Ebrei di destra e di sinistra restano lontani

Nella sala azzurra non c’è che un’ora per chi presenta un libro, tre minuti prima che scocchi arriva una signorina a annunciarti che devi sgomberare, ci fossero anche dieci relatori a discutere le sorti del mondo. Ieri eravamo in quattro alle diciotto, il famoso demografo professor Sergio Della Pergola arrivato fresco da Israele, un altro famoso demografo, il professor Livi Bacci, Gad Lerner e io. Un libro politico, pieno di cifre che devono alla fine far scaturire per forza un’opinione politica, per un sì o per un no. Le sorti del mondo, comunque le devi determinare in un’ora secca, fino alle diciannove, hai pochi minuti. Lerner e io eravamo reduci da uno scontro legato alla sua trasmissione L’Infedele, poi placatasi, come ha detto Lerner «per la mia itcansut («convergenza» o «rientro» in ebraico, parola che definisce il ritiro dei settler da territori occupati) per consentire a tutti di partecipare».

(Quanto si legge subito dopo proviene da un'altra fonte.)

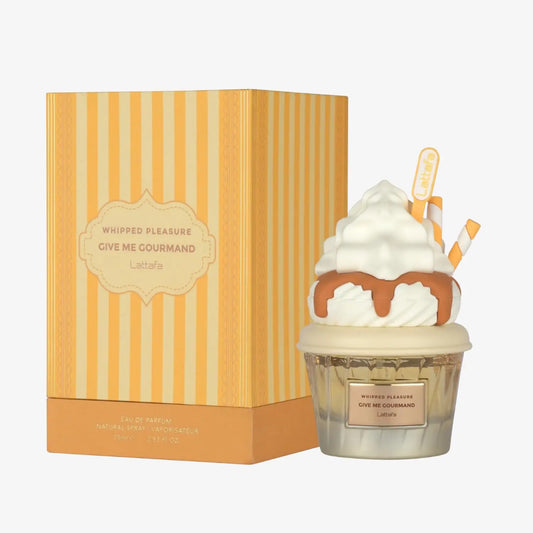 Lattafa Whipped Pleasure Eau de Parfum, Give Me Gourmand Collection, Spray Form, 75ml, Whipped Cream, Caramel & Vanilla Scent, L
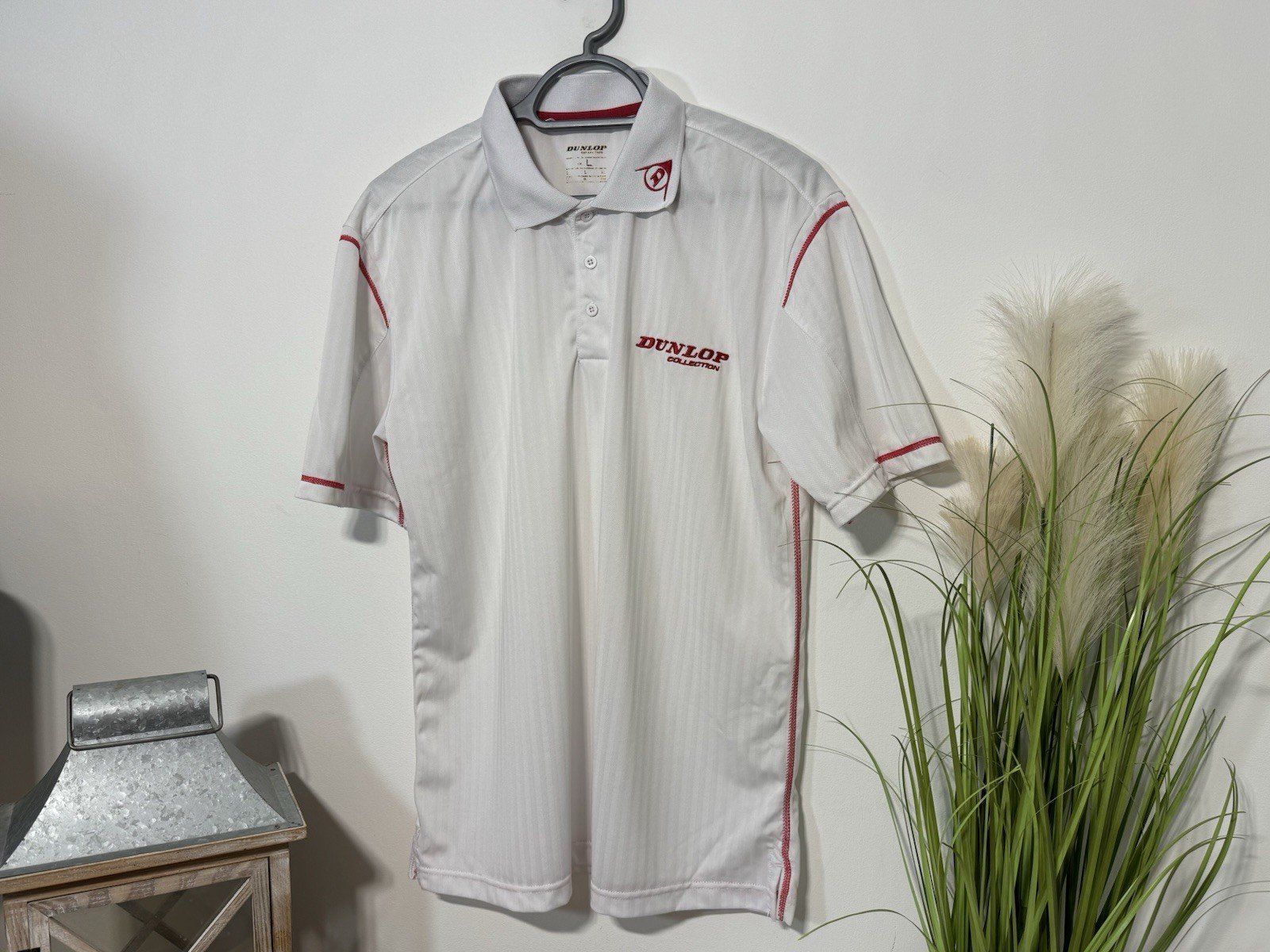 Dunlop White Embroidered Logo Short Sleeve Polo Golf Top Size L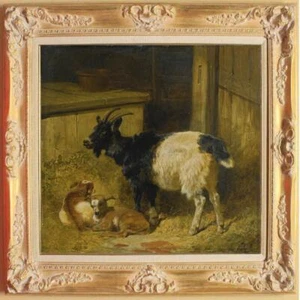 Antiguo arte maestro hecho a mano pintura al óleo antigua animales cabras sobre lienzo 30"x30" - Imagen 1 de 2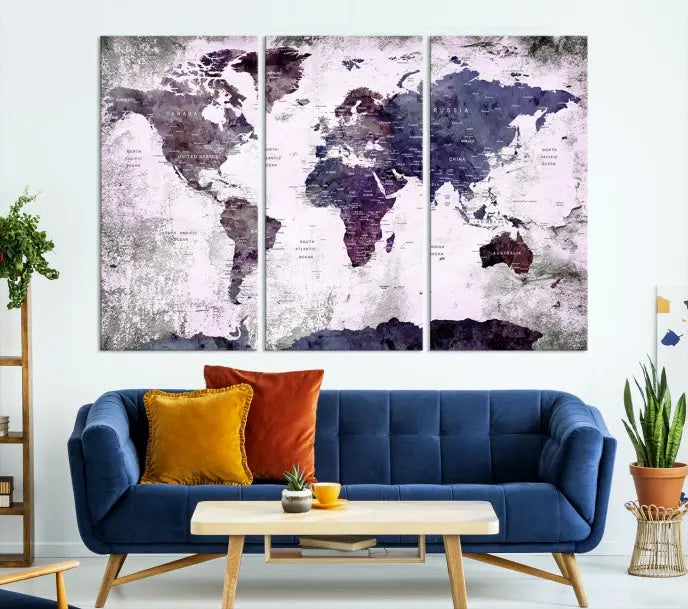 The World Map Grunge Canvas Print Wall Art, presented in five panels with a striking purple and white design, features museum-quality canvases with a gallery-wrapped finish. This treatment enhances their aesthetic appeal and ensures long-lasting durability.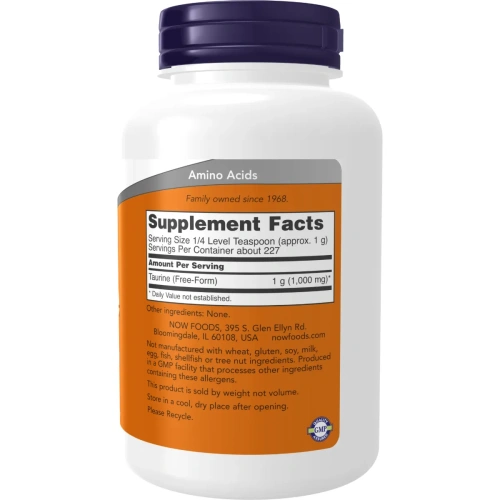 NOW Foods Taurine, Pure Powder, 227g | Muut aminohapot – Osta nyt S... 2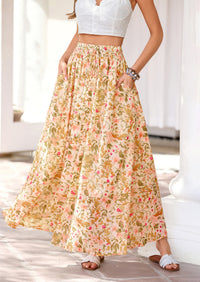 PRETTYGARDEN Summer Maxi Long Skirts for Women Trendy Boho Floral High Waisted Slit Flowy Travel Beach Vacation Clothes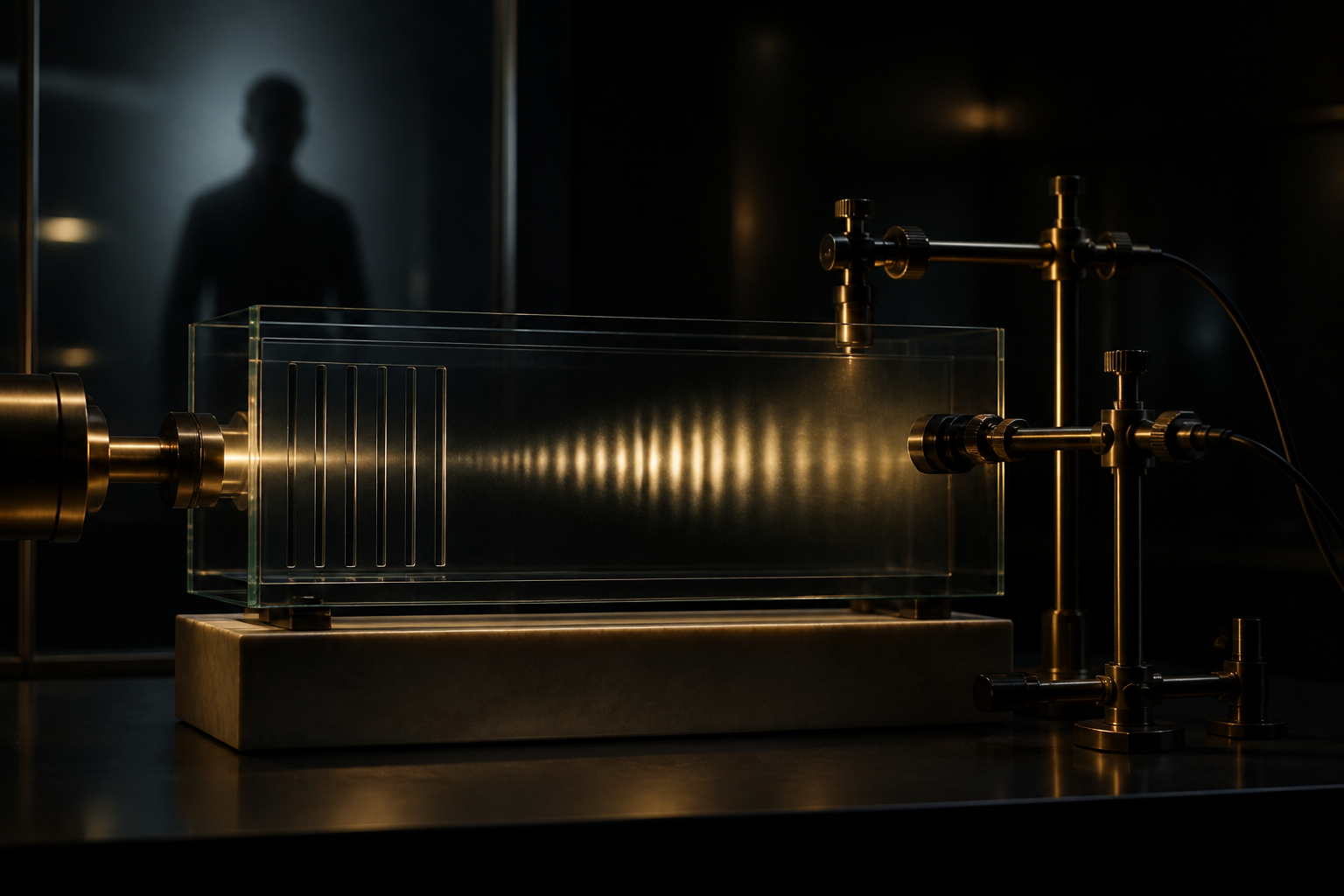 A glass wave apparatus recording a luminous interference pattern with a human silhouette behind it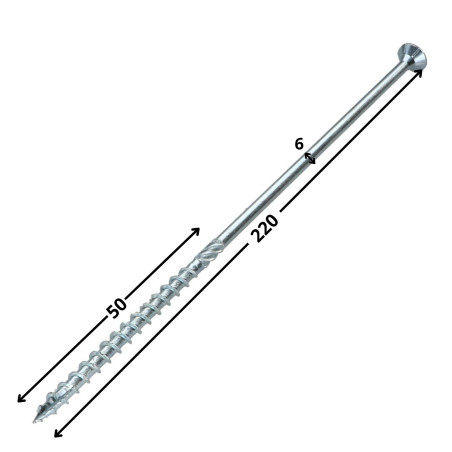 1 x Vis charpente TEKOR Tête fraisée Cranté TORX T30 6X220 Filetée sur 100 Pointe antifendage type 17 Acier zingué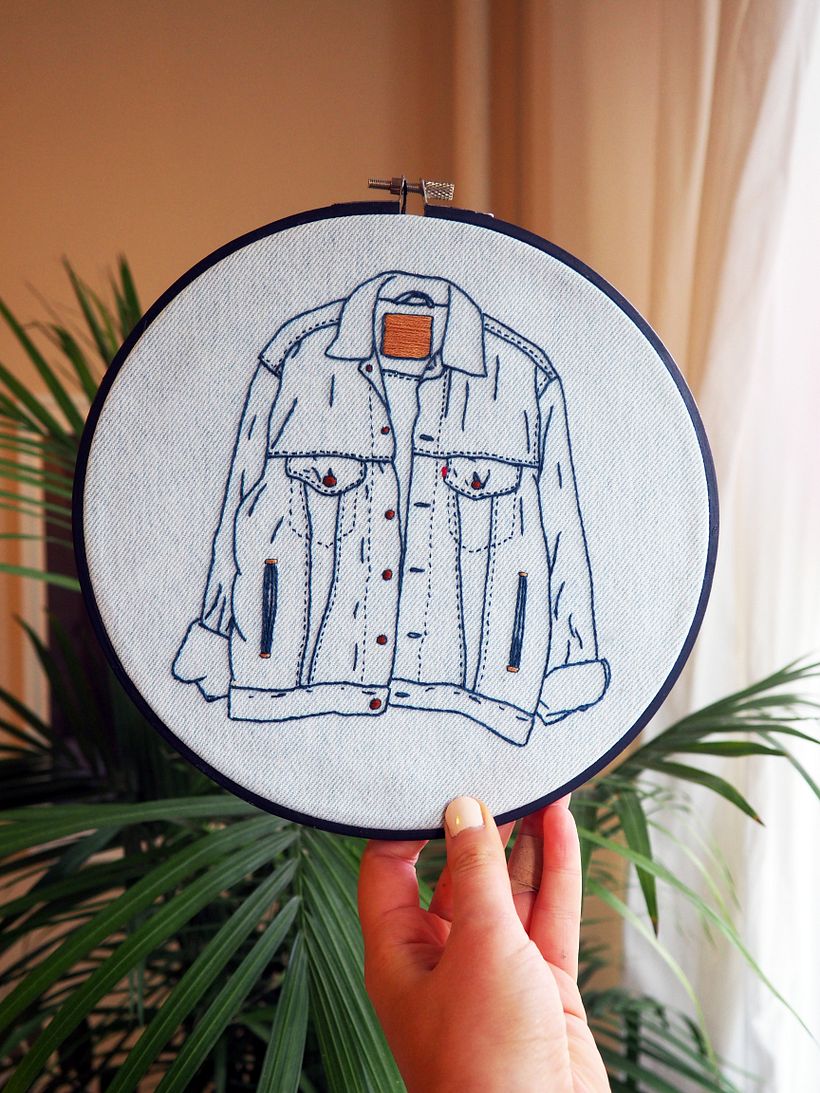 Levi's vintage - Broderie main et punch needle sur denim vintage - 2019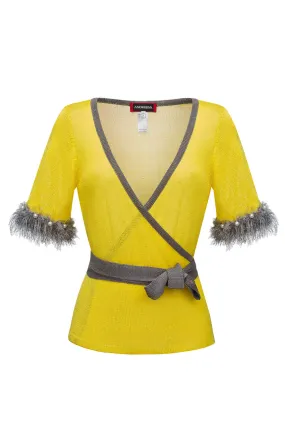 Yellow Cross-Front Knit Top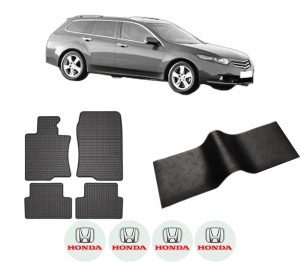 Set 5 covorase auto HONDA ACCORD VIII Estate (CW) din 2013-2018, cu covoras tunel median, presuri auto din cauciuc, 4x Stickere auto cu HONDA - Img 2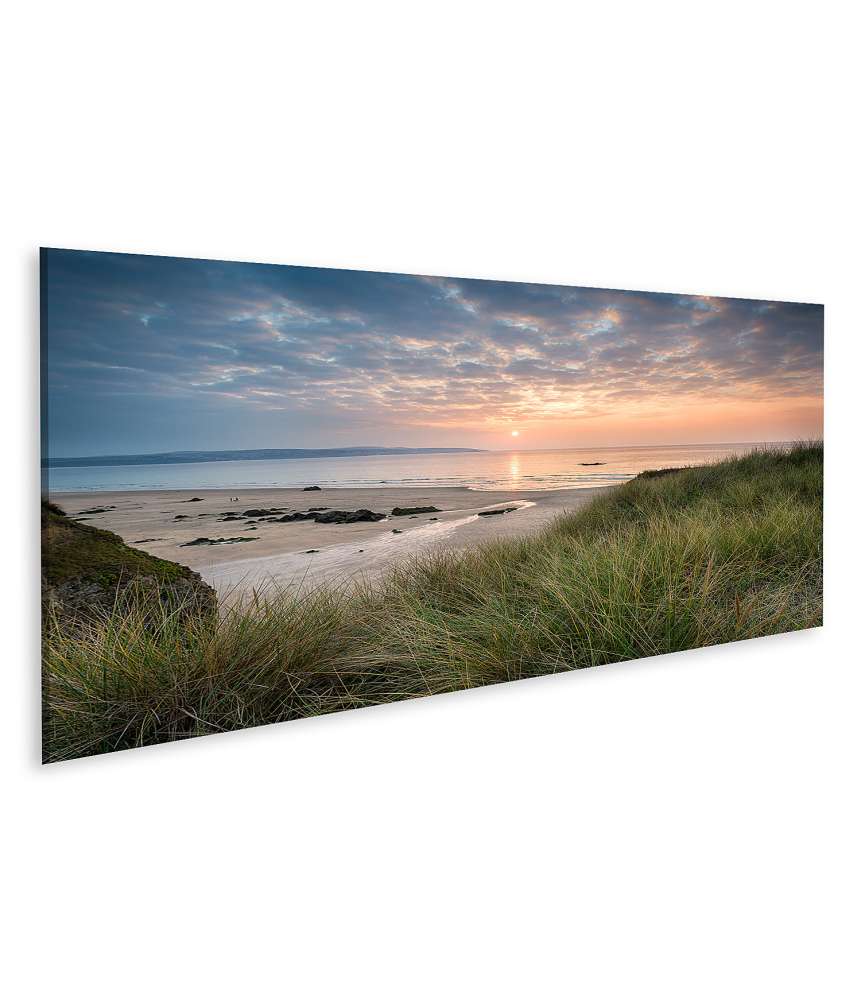 Islandburner Bild auf Leinwand Sonnenuntergang an Cornwalls Hayle-Strand von Sanddünen aus gesehen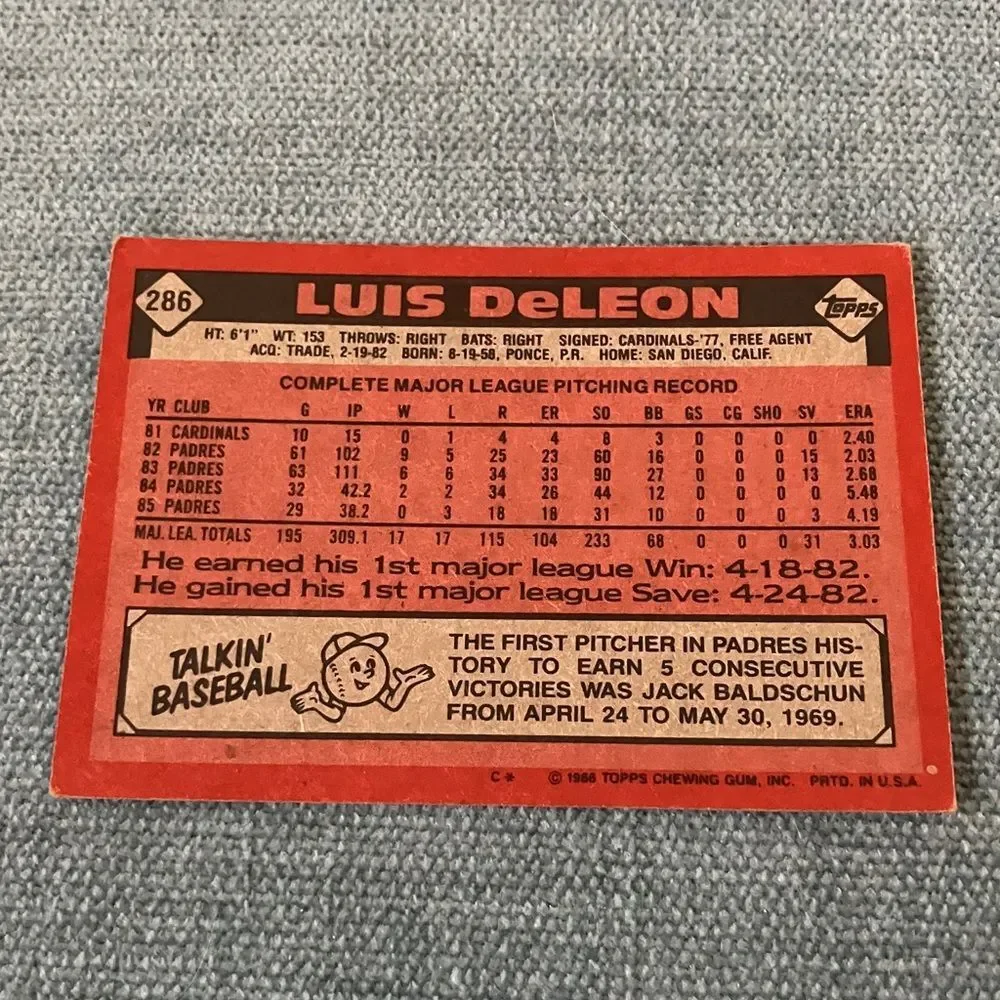 1986 Topps San Diego Padres Baseball Card Trading Card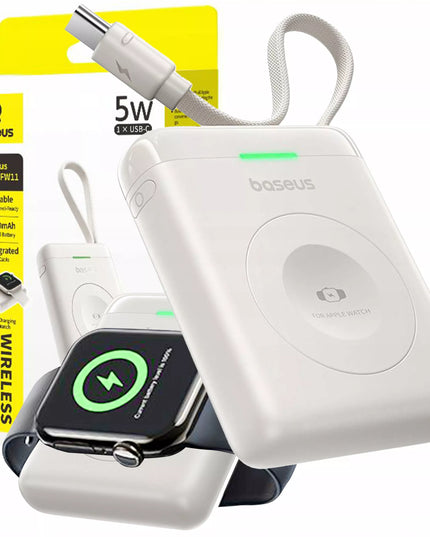 BASEUS išorinė baterija skirta APPLE WATCH 1-10 SE SE 2 Ultra Ultra 2 5W USB-C kabelis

Il libro di Della Pergola - Israele e Palestina, la forza dei numeri (Il Mulino) - racconta bene l’intera storia dell’area, e sostiene che la crescita demografica dei palestinesi e degli arabi israeliani costringerà senza remissione Israele a rinunciare ai territori se vuole vivere in pace. È un’idea che in pratica suggerisce in altra forma il tema di land for peace, pace in cambio di terra, proprio quello che Israele ha sempre cercato di attuare senza mai ottenere altro che violenza in cambio. Non c’è tempo per un vero dibattito, e forse è giusto così: grande è il mare che ci separa, è la percezione stessa dei temi che è così diversa. Della Pergola e Livi Bacci riportano i contenuti del libro, ma Lerner e io esprimiamo visioni di Israele, e quindi del mondo e dell’ebraismo, che sono lontane, molto lontane, nonostante ambedue si desideri la stessa soluzione, due stati per due popoli.
Oggi il mondo ebraico è ancora molto diviso su come valutare quello che è accaduto in questi anni di tentativi di conferire ai palestinesi spazio, terra, autonomia. Lerner esprime un’idea dell’ebraismo che ha a che fare con la tolleranza, la mescolanza delle etnie e delle culture, con l’idea di esilio, di diaspora e di meticciato, vede nella sua origine e nella storia della sua famiglia un’esortazione al cosmopolitismo. Io vedo il cosmopolitismo come una ricchezza da superare, amo l’idea di una casa piccola ma adatta alla mia famiglia, a rispecchiarne la cultura e a proteggerla. Mi piace che Israele abbia ricondotto a unità le maree di lingue e colori diversi provenienti dai quattro angoli del mondo, mi piace il respiro dell’identità forte che ha creato il monotesimo, la sua costruzione esclusiva della tradizione giudaico-cristiana della democrazia e dei diritti umani, l’identità rimasta salda per millenni aspettando di tornare a casa e ripetendoselo tutti i giorni. Gad esprime l’idea che la cultura dell’odio e del terrore sia uno dei tanti fattori che influenza lo scenario mediorentale. Io penso che se essa fosse stata sanzionata senza pietà saremmo più vicini alla pace e capendone la dimensione letale, da Hamas agli Hezbollah che in queste ore funestano di nuovo il futuro del Medio Oriente tutto, il tema land for peace sarebbe più pertinente. Oggi, è soltanto una pia illusione pensare che cedendo ancora terra si faccia il bene di Israele. Resta fra noi una grande distanza. Forse, speriamo, è l’inizio di una discussione.

Forse no.
Tutti applaudiamo quando Sergio Della Pergola si dispiace che alla nostra discussione non fosse presente anche un palestinese, e auspica che alla prossima discussione alla Fiera del Libro ci si possa sedere insieme.